An Atomic Cluster Expansion Potential for Twisted Multilayer Graphene
Yangshuai Wang, Drake Clark, Sambit Das, Ziyan Zhu, Daniel Massatt, Vikram Gavini, Mitchell Luskin, Christoph Ortner
TL;DR
Twisted multilayer graphene presents moiré physics that challenge first-principles methods due to large, sometimes incommensurate unit cells. The authors develop a linear ACE interatomic potential trained with locally twisted configurations and Bayesian active learning to efficiently cover twist-angle space and defects, achieving near-DFT accuracy across geometry optimization, molecular dynamics, and phonon calculations. Key ideas include a locally twisting data-generation scheme, uncertainty-guided dataset filtering, and the ability to fine-tune on new tasks, enabling robust out-of-distribution performance. The framework demonstrates a practical pathway to scalable, transferable simulations of moiré materials and can be extended to other layered 2D systems with twist and stacking disorder.
Abstract
Twisted multilayer graphene, characterized by its moiré patterns arising from inter-layer rotational misalignment, serves as a rich platform for exploring quantum phenomena. Machine learning interatomic potentials (MLIPs) are a promising approach to model such systems.

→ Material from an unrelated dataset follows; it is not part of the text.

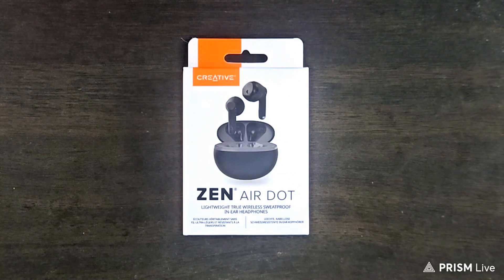Hi, welcome back. Today I have with me the Creative Zen Air Dot in-ear headphone to unbox and review. Stay tuned.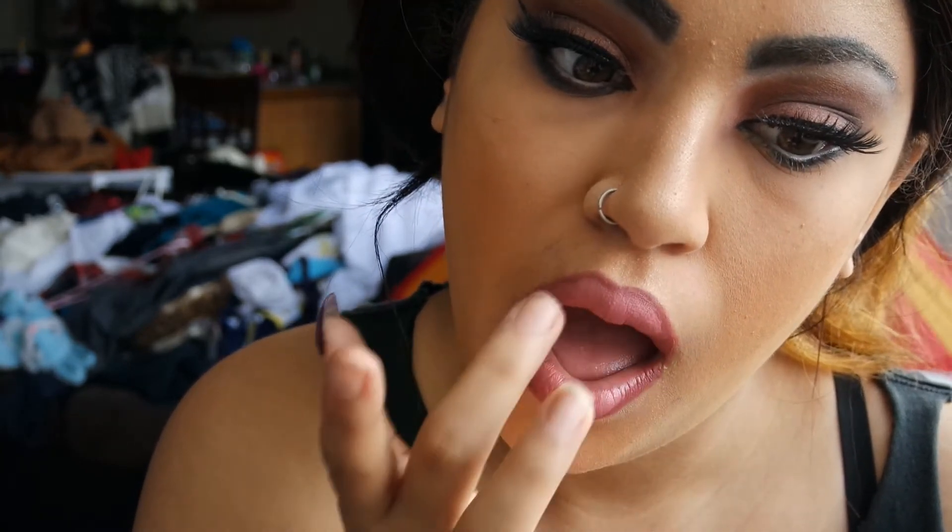The trick about ombre lips is you don't want to blend the colors so seamlessly that it just looks like a completely different shade — you want a gradient effect. And then this is the final look. Hope you enjoyed watching this video, and if you happen to create this look based on this video, please tag me in it because I would love to see how it looks on you guys. Thanks for watching and remember to subscribe. Bye!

Our work develops a method to generate training and test datasets for fitting MLIPs that capture all possible misalignments but remain small-scale to facilitate efficient data generation and parameter estimation. To achieve this, we generate configurations with periodic boundary conditions suitable for DFT calculations, and then introduce an internal twist and shift within those supercell structures. Using this technique, supplemented with an active learning workflow, we fit an Atomic Cluster Expansion potential for simulating twisted multilayer graphene and test it for accuracy and robustness on a range of simulation tasks.